Gershom Onesimus Browne (8 August 1898 – 6 December 2000) was the last known Guyanese First World War veteran. He served in the 1st British West Indies Regiment and fought in the North African and Middle East theatres during the war.

== Military career ==
Browne is descended from the Loko people of Sierra Leone and was born in Guyana in 1898. He left his home in Bagotville to enlist in Georgetown without his mother's permission. He lied about his age to join up at the age of seventeen. He later recalled "All of us felt glad that we were going — we were glad to go, man". Browne saw service in the North African theatre and in the Palestine campaign. Browne rose to become a sergeant and in 1918 captured a bridge held by 30 Turkish troops under a German officer. He was successful in preventing his men from shooting the prisoners outright.
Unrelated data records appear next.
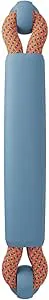 Bose SoundLink Max rephandtag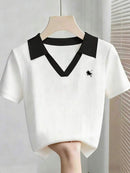//img.ltwebstatic.com/v4/j/pi/2026/01/13/d2/1768266825e58dca0196135fb5732adc5a00d5556a_thumbnail_900x.webp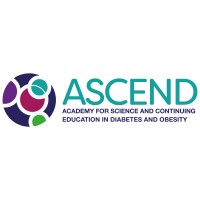 Ascend (The Academy For Science & Continuing Education In Diabetes & Obesity)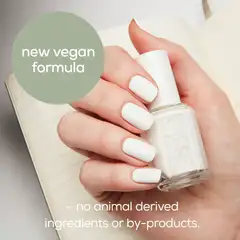essie All-in-One -kynsihoitotuote 13,5ml - 8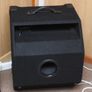 Hartke Kickback 1200 15" bass combo Image 3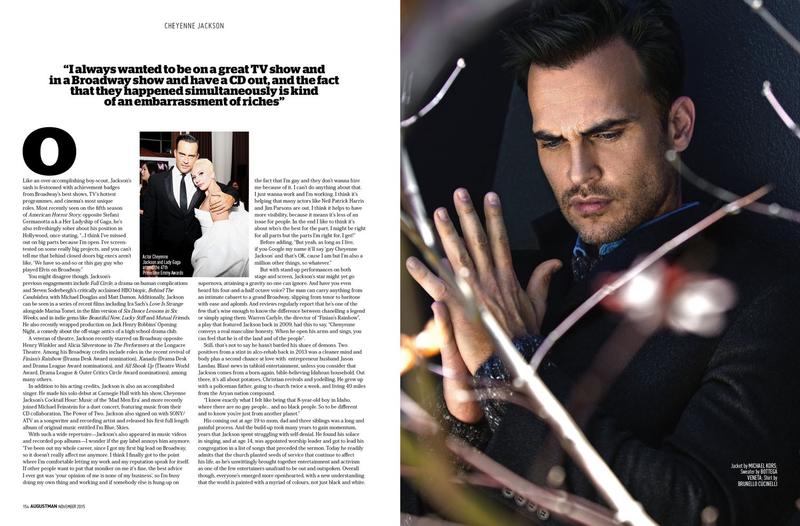 Cheyenne-Jackson-2015-Photo-Shoot-August-Man-3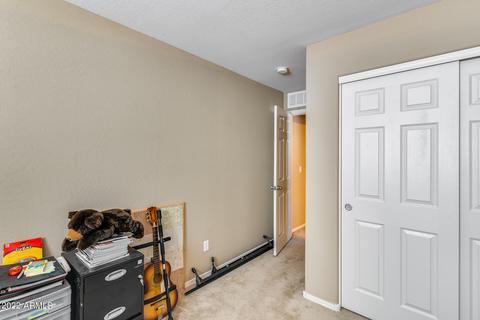 10906 E Calypso Ave, Mesa, AZ 85208 photo 6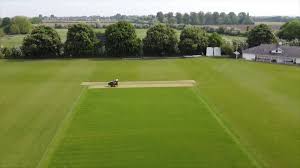 Image result for Horley Cricket Club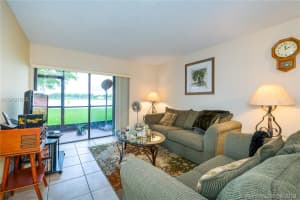 8720 Sherman Cir N, Miramar, FL 33025, Sold 10/05/18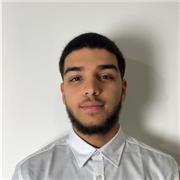 Oubensalah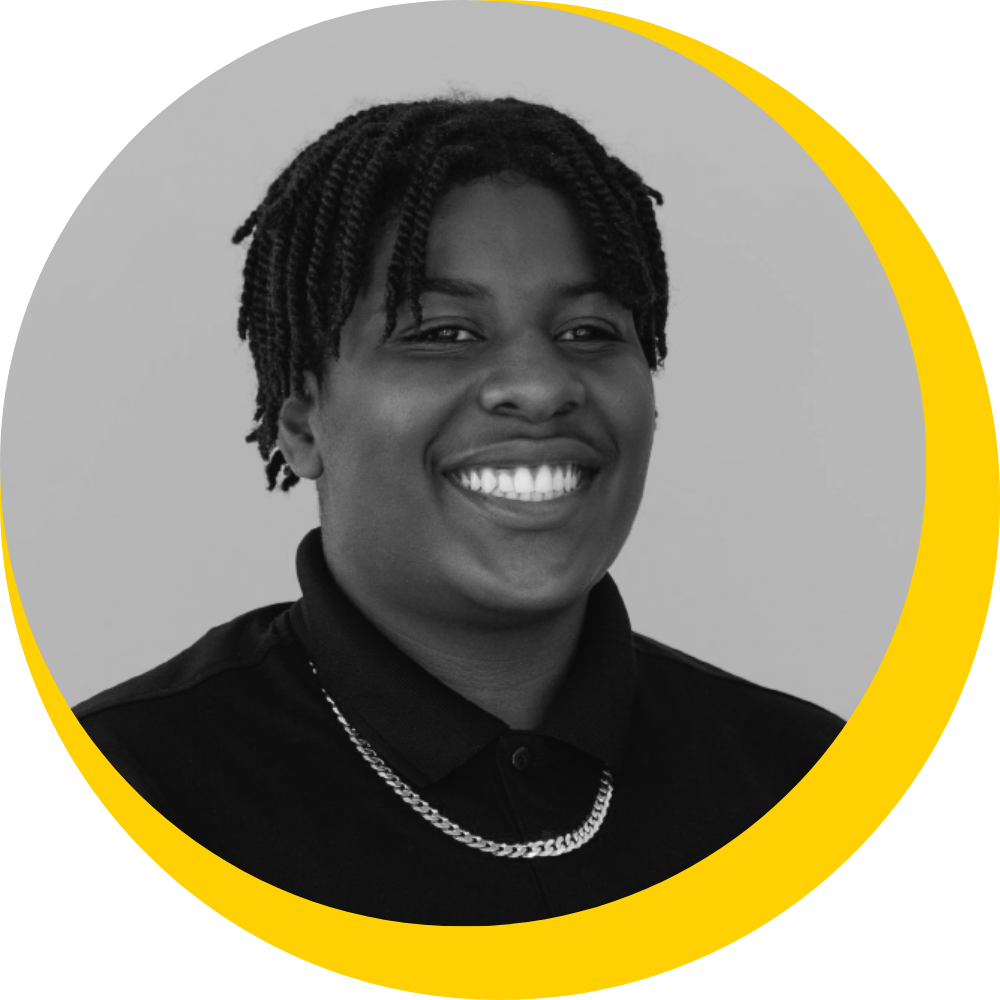 5-Oct-25-2025-04-13-40-3281-AM 5-Oct-25-2025-04-13-40-3281-AM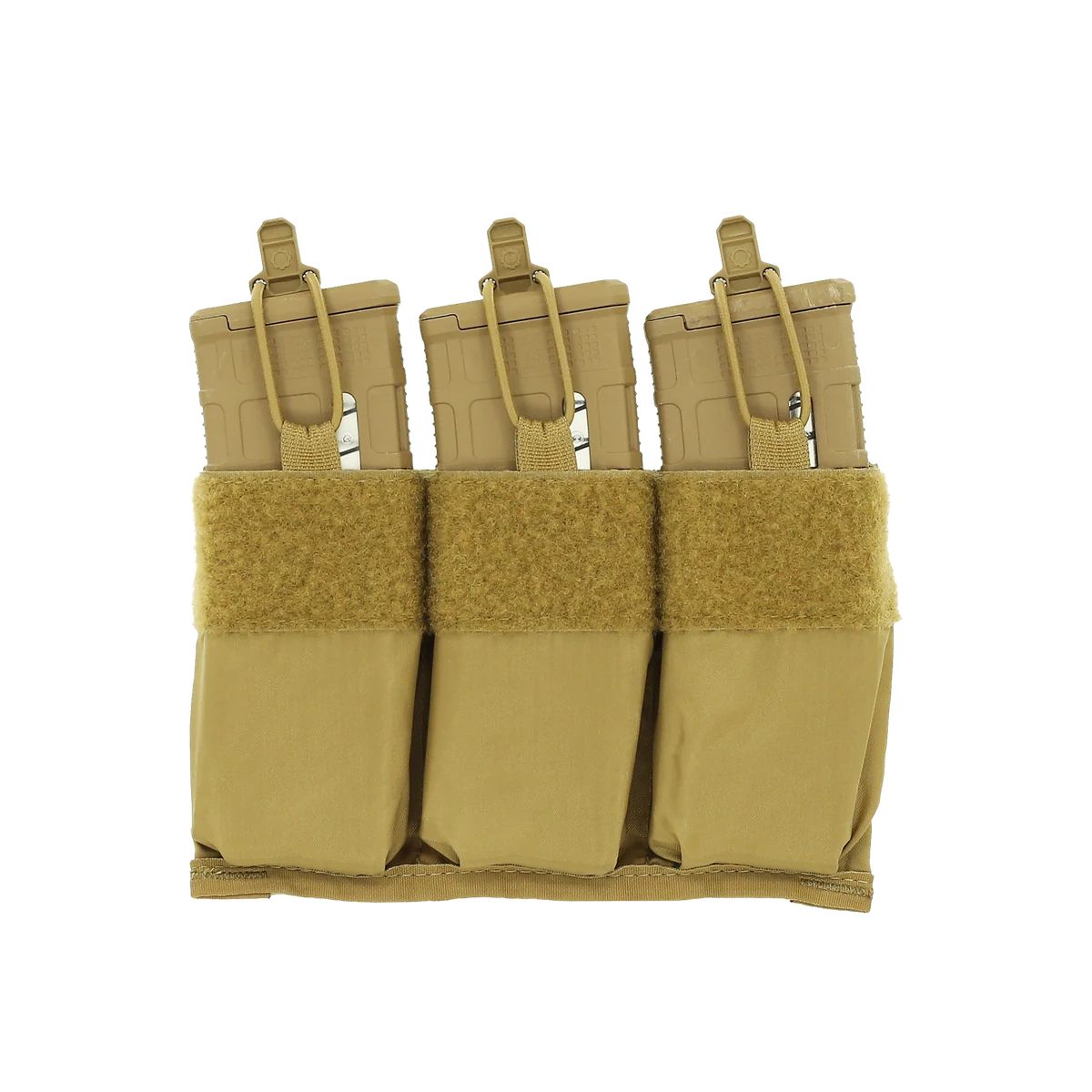 Kangaroo Insert - Triple 556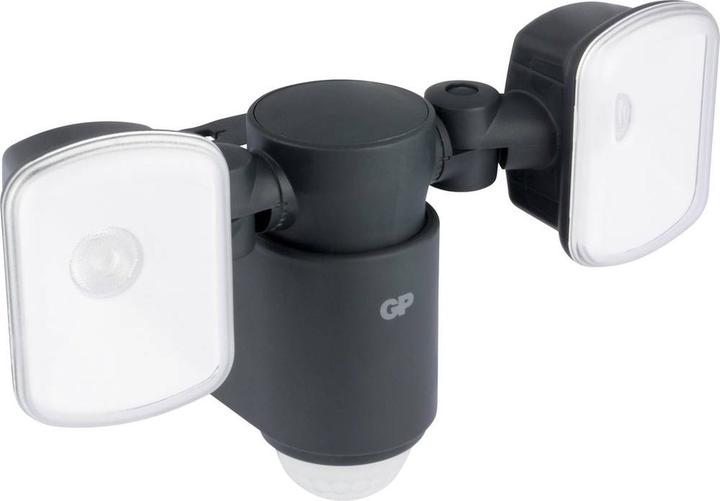 Image du produit GP Batteries Sauvegarde RF2.1 (120 lm, IP55)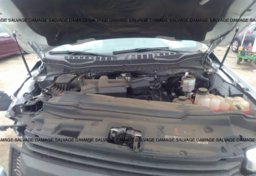2017 Ford Super Duty F-250 SRW - Image 8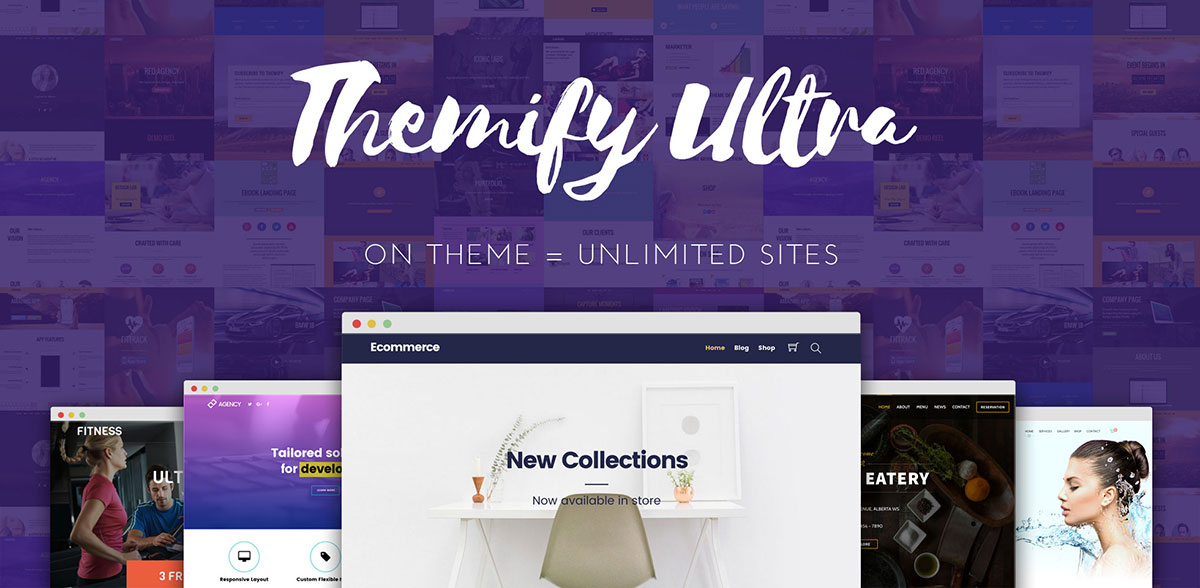 themify ultra travel wordpress theme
At the end of the war Browne passed through the transit camp at Taranto, Italy, just after the 9th battalion of his regiment mutinied there over pay and conditions. He went on to serve in the garrison in Egypt.

== Later life ==
Browne chose to be discharged and returned to Guyana. He found work as a diamond prospector in the hinterland but soon returned to Bagotville to become a farmer. From 1940 until 1978 he was a village administrator. Even in retirement he was called upon to adjudicate in local disputes and wrote a book entitled The History of Bagotville. He was featured in the 1999 documentary Mutiny, where he spoke about his experiences. Browne died on 6 December 2000 at the age of 102. He was the last surviving Guyanese veteran of the First World War and is commemorated by a plaque on his former house.